The best wine book ever
I love wine and I love books.
So it would stand to reason that wine books hold particular interest for me. So much so that when I visit a winery and the gift shop has a selection of books on wine, I’m likely to spend more time with the books than I do in the tasting room.
That’s why I became giddy with excitement when I received the brand-spanking-new sixth edition of The World Atlas of Wine, simply the most engrossing, most complete book on wine in, well, the world.
The World Atlas of Wine made its debut in 1971, when British wine scribe Hugh Johnson felt the wine world was at a point where it needed an atlas to show people where wine was coming from. Since that time, the five editions have been translated into 14 languages and sold more than 4 million copies, and Johnson has been awarded an Order of the British Empire for his services as wine writer. Heady stuff.
This edition is co-credited to both Johnson and Jancis Robinson, another Brit with an international reputation as a wine writer. Apparently Hugh is getting on, and the younger travel legs that Robinson possesses were vital to completion of the project given how far-flung the world of wine has become.

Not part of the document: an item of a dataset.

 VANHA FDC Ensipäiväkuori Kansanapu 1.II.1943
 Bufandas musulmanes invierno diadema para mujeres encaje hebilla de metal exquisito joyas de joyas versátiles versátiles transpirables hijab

In the introduction, for example, there is a photo of a man with a merlot cutting in the Hebei province of China, where an Austrian wine concern has a new venture called Bodega Langes. Where, you ask, is the Hebei province? Well, if you turn to page 372, a map will show that it sits about 500 clicks southwest of Beijing.
Basically for every wine region in the world there is a comprehensive map. Say you have an interest in the Middle Mosel region of Germany where some of the best Riesling in the world is grown and made. Open up the maps and you’ll get topography, a rating of vineyards ranging from “exceptional” to “other,” and a history of the region that is exquisitely written.

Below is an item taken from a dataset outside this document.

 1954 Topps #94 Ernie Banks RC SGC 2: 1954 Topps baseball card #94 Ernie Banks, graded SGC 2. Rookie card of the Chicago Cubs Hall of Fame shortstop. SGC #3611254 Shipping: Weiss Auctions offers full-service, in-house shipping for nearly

The grandeur of the book lies in its immense coverage of the wine world. But the beauty of the book, the thing that sets it apart from other wine tomes, is found in the prose. The way in which Jancis and Hugh introduce readers to places and soils and shade and light and rivers and breezes. They write from experience. And their experience comes from being two knowledgeable and finely tuned human beings who can recognize the joy of river wind blowing up a slate hillside and have the ability to describe that joy.
And they are not above including opinions in their prose as well. Agree with them or not, both Hugh and Jancis have strong feelings about things like the over-oaking of wine, the consolidation of the industry, and how money has changed the art of winemaking. But while they may address these issues in dry asides, they are not so jaded as to miss all the best that wine in the 21st century has to offer.
The best way to use The World Atlas of Wine is to keep it near your bar or cellar or wine rack. When you select a bottle to drink, take 10 minutes and open the book to the area where the wine came from and read a passage or two. It will help you get a greater “world” perspective on what you drink, and it will be a lot of fun as well.
Many wine shops think so highly of The World Atlas of Wine that they have it in-store to help buyers by providing them a reference. It is an excellent tool for use in perusing the wine shelves.
If this book were a wine, it would be a fine Burgundy: steeped in history, in love with the land from which it came, and crafted by a winemaker with a deft and talented hand. The only downside is it is too big to take with you.